Dear all,
I am trying to learn how to properly use signatures for guvectorize to leverage from cuda, however I am having some issues and I was hoping someone could have a better clue than I have.
From here Types and signatures — Numba 0.52.0.dev0+274.g626b40e-py3.7-linux-x86_64.egg documentation I understand that:
-
"float64(int32, int32)"
) which specifies a function taking two 32-bit integers and returning a double-precision float. - From this example I understand that in the case of guvectorize I must always return void python - Numba.vectorize for CUDA: What is the correct signature to return arrays? - Stack Overflow
So I created this example:
a = np.ones((8,4), dtype=np.float32)
b = np.ones((8,4), dtype=np.float32)
c = np.ones((8,4,10), dtype=np.float32)
d=np.ones(shape=(10,), dtype=np.float32)
import numpy as np
def update_a(a,b,c,d):#Works properly
i_c,j_c,k_c = c.shape
for k in range(k_c):#Loop in k_c
num_sum=0
for j in range(j_c):#Loop in i
for i in range(i_c):#Loop in j
a_val=a[i,j]
b_val=b[i,j]
c_val=c[i,j,k]
# num_sum=a[i_a,j_a]+b[i_b,j_b]+c[i_c,j_c,k_c_l]
num_sum=a_val+b_val+c_val
d[k]=num_sum
return d
Then I tried to first check how it works targetting the cpu, that already provided a TypeError:
**TypeError** : type and shape signature mismatch for arg #1
@guvectorize(['void(float32[:,:], float32[:,:], float32[:,:,:], float32[:])'],
'(n,m,z)->(z)', nopython=True, target='cpu')
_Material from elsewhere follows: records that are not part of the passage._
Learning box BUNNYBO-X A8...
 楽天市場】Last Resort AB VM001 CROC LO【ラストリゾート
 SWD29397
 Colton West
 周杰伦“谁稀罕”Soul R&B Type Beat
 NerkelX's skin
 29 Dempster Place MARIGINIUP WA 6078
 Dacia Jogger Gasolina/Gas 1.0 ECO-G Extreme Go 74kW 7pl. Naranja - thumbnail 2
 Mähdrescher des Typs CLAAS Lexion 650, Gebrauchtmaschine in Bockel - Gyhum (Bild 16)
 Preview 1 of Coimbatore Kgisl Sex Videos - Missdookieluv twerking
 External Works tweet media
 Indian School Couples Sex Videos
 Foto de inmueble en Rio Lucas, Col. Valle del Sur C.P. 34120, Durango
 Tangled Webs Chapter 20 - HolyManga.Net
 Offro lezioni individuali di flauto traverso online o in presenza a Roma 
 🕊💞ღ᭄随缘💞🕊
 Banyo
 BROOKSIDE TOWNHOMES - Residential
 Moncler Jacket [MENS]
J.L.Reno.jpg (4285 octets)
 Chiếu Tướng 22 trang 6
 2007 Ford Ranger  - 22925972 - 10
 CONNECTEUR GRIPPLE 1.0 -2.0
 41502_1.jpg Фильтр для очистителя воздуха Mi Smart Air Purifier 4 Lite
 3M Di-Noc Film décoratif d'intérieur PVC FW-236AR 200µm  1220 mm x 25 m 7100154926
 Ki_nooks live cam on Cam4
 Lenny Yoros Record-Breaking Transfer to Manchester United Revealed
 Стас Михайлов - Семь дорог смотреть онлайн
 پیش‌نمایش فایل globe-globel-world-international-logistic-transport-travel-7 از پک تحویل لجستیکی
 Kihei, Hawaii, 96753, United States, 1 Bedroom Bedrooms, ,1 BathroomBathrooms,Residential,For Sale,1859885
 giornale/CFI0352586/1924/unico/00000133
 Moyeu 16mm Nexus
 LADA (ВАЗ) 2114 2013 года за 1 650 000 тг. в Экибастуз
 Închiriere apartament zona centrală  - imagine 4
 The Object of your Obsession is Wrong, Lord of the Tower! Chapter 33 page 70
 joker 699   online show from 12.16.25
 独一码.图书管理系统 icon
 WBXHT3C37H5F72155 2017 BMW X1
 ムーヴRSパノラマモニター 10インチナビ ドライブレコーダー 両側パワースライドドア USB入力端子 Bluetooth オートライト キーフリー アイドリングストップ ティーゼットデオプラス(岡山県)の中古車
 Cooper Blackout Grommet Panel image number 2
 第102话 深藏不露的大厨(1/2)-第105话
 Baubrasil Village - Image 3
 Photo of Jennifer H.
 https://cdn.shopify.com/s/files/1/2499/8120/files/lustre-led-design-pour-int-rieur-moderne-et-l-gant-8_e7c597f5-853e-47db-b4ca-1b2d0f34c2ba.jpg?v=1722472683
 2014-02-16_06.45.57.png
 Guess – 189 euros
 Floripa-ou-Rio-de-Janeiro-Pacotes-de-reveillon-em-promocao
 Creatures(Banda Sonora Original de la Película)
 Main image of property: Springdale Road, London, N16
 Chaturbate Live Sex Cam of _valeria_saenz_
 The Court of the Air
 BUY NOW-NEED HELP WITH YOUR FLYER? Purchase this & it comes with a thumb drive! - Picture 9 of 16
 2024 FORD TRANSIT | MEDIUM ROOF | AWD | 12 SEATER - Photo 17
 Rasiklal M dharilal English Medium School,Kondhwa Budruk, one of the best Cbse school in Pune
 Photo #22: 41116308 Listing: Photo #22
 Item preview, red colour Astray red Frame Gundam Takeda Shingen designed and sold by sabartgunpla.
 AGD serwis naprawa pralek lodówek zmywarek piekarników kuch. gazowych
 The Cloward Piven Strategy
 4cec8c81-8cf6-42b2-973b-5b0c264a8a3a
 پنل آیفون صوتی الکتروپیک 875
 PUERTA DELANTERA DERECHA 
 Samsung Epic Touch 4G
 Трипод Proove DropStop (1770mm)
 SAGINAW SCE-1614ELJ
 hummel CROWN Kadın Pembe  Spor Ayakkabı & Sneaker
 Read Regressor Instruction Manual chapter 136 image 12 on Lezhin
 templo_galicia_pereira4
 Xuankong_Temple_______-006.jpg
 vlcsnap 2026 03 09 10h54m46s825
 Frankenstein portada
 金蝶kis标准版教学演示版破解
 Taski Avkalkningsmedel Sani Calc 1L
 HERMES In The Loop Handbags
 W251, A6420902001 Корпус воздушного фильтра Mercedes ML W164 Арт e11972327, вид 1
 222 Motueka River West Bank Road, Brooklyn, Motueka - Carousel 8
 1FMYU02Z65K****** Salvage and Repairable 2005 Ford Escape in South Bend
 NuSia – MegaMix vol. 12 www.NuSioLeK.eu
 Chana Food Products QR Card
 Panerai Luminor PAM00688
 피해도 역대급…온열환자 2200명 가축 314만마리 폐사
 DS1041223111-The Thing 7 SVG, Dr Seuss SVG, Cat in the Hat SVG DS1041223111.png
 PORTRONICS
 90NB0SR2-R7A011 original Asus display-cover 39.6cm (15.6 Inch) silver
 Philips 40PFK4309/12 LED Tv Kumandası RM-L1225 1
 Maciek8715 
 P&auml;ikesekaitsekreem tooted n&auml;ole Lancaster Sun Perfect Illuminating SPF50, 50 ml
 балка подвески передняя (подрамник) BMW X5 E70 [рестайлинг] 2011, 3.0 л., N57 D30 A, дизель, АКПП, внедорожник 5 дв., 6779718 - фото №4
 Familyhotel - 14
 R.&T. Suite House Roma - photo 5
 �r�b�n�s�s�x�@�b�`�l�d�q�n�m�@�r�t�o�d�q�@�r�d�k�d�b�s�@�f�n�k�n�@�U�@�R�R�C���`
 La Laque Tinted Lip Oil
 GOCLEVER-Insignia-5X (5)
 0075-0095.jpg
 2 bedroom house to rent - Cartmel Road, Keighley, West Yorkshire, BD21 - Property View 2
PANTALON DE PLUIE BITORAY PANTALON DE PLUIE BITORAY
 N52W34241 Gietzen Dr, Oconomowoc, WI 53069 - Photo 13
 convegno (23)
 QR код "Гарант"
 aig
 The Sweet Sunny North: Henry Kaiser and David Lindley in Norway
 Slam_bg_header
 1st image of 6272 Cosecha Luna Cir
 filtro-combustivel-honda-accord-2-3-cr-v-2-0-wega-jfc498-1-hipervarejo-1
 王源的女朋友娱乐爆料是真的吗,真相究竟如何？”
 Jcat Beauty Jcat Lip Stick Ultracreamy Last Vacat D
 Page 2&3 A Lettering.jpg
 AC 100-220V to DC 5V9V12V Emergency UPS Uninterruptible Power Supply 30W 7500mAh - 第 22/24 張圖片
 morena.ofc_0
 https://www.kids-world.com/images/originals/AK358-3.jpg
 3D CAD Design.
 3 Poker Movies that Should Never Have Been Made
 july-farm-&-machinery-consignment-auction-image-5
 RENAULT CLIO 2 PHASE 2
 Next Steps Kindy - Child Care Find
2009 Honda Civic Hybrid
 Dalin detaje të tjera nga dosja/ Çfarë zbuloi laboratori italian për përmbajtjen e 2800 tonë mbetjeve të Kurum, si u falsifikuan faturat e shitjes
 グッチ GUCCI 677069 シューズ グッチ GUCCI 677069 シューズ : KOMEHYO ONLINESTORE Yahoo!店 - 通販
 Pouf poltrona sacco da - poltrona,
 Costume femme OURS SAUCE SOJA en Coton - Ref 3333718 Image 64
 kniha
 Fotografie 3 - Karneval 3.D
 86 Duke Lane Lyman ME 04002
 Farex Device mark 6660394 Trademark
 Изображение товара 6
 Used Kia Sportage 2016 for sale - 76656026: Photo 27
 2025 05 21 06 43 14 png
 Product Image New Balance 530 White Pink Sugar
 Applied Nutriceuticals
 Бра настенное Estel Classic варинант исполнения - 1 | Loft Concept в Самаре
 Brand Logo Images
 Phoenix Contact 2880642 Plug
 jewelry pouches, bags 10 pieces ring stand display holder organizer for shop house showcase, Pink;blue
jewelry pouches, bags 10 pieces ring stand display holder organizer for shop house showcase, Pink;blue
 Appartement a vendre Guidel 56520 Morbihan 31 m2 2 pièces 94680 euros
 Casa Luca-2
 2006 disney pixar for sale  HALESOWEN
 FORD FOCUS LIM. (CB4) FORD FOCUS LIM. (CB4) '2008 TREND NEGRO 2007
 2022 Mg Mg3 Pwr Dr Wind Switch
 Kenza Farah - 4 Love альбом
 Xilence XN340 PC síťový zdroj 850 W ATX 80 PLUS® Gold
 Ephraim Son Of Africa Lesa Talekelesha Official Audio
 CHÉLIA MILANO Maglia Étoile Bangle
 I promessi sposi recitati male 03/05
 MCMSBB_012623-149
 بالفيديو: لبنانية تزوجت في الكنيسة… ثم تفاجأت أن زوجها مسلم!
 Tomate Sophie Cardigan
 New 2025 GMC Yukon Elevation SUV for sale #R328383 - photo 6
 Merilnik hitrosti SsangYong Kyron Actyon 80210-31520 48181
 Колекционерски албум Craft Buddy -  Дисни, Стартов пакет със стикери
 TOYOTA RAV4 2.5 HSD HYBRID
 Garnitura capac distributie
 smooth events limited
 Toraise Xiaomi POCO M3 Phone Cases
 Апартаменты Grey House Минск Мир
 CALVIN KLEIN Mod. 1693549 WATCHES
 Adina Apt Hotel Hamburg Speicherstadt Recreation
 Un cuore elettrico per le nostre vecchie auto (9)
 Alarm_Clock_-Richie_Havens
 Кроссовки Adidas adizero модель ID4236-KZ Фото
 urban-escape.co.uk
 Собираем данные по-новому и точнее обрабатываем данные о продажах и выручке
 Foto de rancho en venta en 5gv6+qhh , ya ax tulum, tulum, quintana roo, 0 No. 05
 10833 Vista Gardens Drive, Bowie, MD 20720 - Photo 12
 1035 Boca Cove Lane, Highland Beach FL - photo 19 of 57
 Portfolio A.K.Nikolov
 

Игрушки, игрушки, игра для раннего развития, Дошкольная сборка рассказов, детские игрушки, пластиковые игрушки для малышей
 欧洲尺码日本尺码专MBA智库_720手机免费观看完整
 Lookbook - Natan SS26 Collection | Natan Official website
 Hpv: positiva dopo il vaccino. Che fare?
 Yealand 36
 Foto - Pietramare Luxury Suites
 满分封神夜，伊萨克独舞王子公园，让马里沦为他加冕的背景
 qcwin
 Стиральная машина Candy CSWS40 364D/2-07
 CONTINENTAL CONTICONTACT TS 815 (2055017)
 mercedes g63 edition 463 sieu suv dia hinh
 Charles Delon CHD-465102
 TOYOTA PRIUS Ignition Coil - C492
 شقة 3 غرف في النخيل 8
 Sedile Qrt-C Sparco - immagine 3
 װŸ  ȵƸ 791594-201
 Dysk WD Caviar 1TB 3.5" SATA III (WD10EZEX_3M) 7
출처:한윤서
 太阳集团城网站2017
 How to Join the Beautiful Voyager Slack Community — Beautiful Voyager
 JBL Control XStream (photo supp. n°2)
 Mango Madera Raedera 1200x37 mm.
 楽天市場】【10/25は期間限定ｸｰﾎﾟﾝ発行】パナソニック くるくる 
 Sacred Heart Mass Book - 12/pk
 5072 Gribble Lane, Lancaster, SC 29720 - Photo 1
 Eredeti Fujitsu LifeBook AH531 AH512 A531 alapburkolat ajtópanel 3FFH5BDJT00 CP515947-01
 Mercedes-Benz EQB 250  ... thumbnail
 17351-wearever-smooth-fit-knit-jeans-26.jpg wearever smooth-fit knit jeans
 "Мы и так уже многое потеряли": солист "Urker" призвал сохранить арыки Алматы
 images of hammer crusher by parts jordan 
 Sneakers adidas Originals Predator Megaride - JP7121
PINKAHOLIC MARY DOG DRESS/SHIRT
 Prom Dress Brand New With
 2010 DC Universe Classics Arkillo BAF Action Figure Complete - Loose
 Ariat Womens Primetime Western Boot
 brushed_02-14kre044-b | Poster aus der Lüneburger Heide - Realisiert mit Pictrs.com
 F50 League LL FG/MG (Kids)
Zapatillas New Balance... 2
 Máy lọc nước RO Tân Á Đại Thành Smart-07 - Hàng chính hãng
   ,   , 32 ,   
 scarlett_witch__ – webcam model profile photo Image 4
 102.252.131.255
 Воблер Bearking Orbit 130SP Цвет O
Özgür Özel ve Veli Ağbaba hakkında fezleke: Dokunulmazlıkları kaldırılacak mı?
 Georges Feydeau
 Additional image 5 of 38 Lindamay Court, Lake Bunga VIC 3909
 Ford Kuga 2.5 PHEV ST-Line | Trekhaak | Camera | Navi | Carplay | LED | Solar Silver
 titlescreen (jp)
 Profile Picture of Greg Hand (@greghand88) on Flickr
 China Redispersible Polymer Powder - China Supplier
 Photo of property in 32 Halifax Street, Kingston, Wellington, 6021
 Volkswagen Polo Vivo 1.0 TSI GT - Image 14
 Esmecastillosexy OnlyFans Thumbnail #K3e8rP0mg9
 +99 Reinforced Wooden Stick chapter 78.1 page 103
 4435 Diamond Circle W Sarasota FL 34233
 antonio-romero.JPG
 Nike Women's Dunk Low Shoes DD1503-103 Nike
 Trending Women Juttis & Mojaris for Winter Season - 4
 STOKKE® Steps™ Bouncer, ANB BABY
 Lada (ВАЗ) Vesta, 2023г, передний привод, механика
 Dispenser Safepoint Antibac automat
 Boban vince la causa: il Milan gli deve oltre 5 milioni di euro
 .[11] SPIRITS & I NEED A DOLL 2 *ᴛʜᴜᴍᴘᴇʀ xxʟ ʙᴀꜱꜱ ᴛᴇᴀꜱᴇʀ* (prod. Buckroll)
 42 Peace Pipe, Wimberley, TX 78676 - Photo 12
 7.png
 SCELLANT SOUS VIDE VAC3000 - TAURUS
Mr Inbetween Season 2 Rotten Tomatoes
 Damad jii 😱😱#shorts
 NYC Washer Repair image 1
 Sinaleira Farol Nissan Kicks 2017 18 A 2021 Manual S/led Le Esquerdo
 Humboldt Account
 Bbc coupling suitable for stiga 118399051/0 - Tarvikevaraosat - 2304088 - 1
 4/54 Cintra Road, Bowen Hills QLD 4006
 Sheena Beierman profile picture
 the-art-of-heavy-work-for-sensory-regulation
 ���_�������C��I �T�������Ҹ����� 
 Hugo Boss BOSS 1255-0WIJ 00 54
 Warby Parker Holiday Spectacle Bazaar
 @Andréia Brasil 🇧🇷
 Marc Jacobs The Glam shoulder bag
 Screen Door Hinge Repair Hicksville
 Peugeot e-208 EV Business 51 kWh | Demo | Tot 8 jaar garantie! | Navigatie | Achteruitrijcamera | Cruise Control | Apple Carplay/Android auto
def update_a_cuda(a,b,c,d):
i_c,j_c,k_c = c.shape
for k in range(k_c):#Loop in k_c
num_sum=0
for j in range(j_c):#Loop in i
for i in range(i_c):#Loop in j
a_val=a[i,j]
b_val=b[i,j]
c_val=c[i,j,k]
num_sum=a_val+b_val+c_val
d[k]=num_sum
Of course, then when I target my cuda I have an error.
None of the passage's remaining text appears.